## Task prompt
Begin your copy at the line with "Brighton Link Bracelet" in the records below and end it at the line with "Beautiful - Picture 2 of 4", restating each line word for word; omit the pictures.

## Information supplied
- - - - -

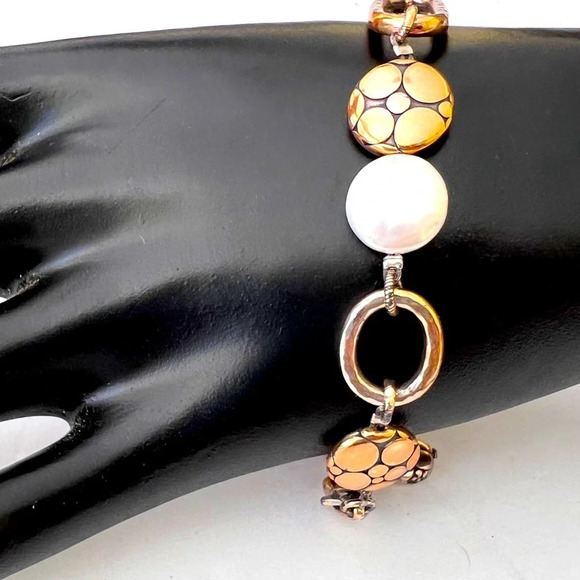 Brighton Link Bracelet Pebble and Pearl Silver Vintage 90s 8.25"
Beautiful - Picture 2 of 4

- - - - -

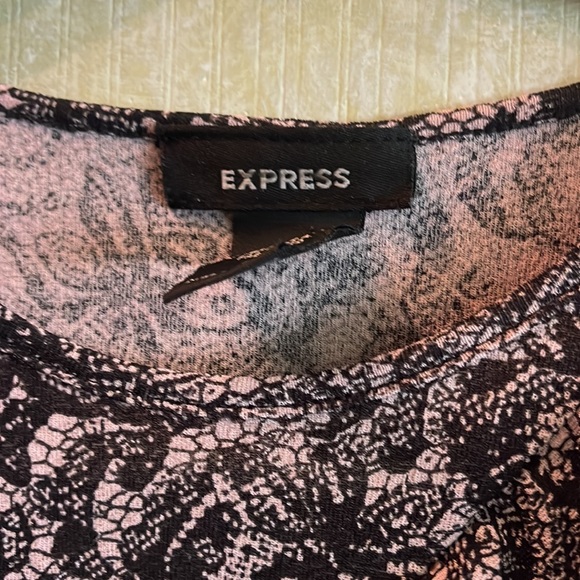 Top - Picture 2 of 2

- - - - -

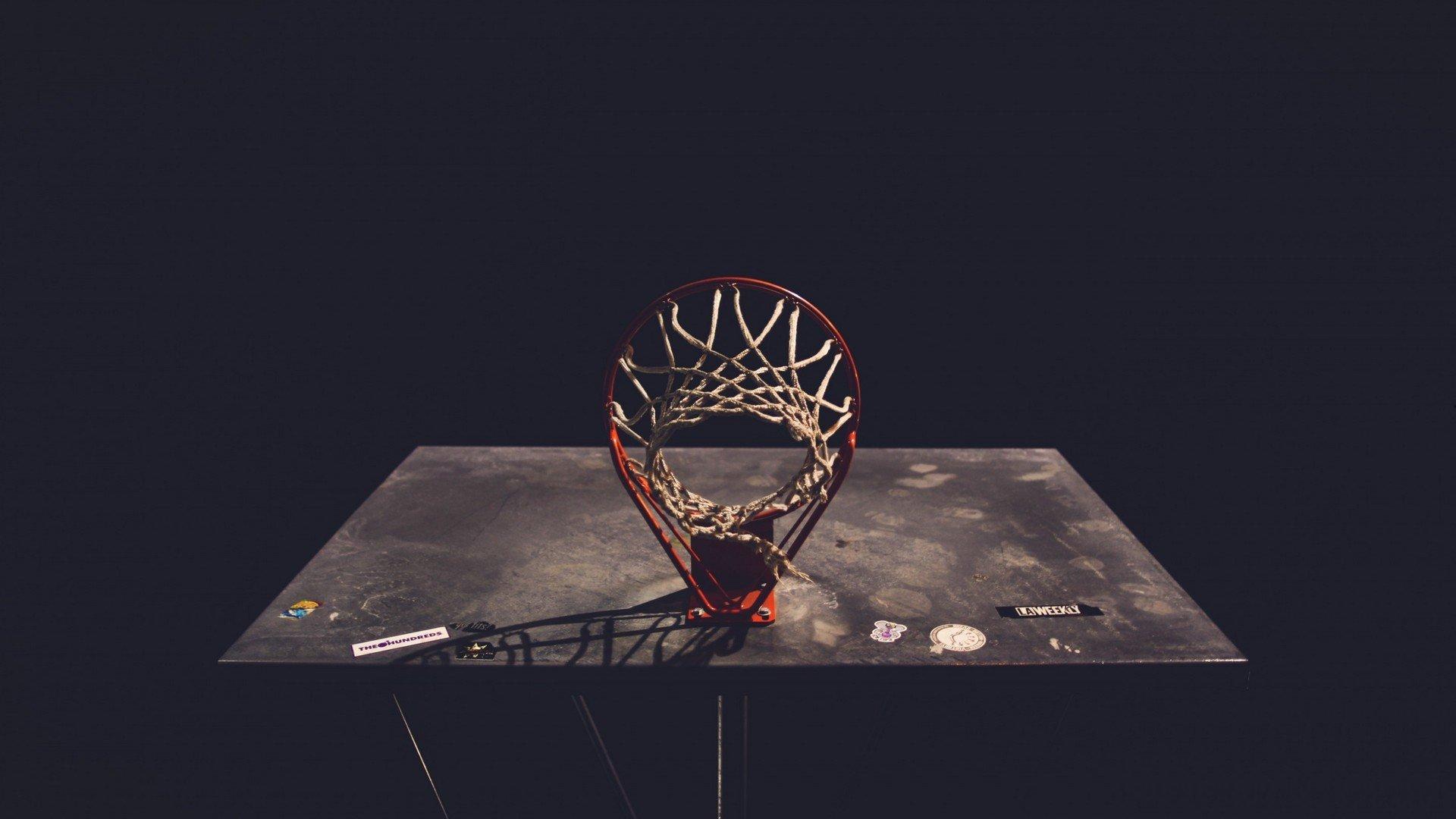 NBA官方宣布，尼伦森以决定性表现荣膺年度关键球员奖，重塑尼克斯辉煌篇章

- - - - -

## Expected output
 Brighton Link Bracelet Pebble and Pearl Silver Vintage 90s 8.25"
Beautiful - Picture 2 of 4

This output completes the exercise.